So the NY Times posts an article in it's Sunday Magazine about Freud and religion wherein we find the following:
Freud also said that monotheism was not a Jewish but an Egyptian invention, descending from the cult of the Egyptian sun god Aton.
This is a popular concept and is based on the short lived religious upheaval by Akhenaten who attempted to wrest control from the priests of Amen. Important distinction because...

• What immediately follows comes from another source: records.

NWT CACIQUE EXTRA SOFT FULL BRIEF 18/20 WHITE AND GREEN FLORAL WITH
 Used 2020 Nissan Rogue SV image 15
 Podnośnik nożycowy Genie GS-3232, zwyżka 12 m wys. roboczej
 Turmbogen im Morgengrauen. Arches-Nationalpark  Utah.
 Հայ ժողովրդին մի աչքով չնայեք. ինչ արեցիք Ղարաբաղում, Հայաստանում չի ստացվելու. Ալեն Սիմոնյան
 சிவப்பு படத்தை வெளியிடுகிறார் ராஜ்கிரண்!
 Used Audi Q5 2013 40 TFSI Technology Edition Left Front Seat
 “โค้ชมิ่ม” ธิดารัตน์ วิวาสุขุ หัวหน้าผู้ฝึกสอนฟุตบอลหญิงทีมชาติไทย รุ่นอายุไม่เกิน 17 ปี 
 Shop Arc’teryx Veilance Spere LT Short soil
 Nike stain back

About two-thirds of the way into the volume, he makes a point that is simple and rather profound — the sort of point that Freud at his best excels in making. Judaism’s distinction as a faith, he says, comes from its commitment to belief in an invisible God, and from this commitment, many consequential things follow. Freud argues that taking God into the mind enriches the individual immeasurably. The ability to believe in an internal, invisible God vastly improves people’s capacity for abstraction.
Well, no.
See we need to get back to that Amen. See the supreme God in Khemetic (Egyptian) religion was Amen-Ra. Ra being God and Amen meaning hidden one. So in fact the Egyptians are the inventors of the "invisible" God and Judaism merely bit the concept. The problem with the latter religion, including Christianity and Islam is the failure to understand the concept of symbolism. All those "idols" are not 'gods" they are representative of some natural force. They are points of focus no less than people who wear crosses don'r actually worship the cross.
1 comment:
If we can only get our people to see this fundamental truth!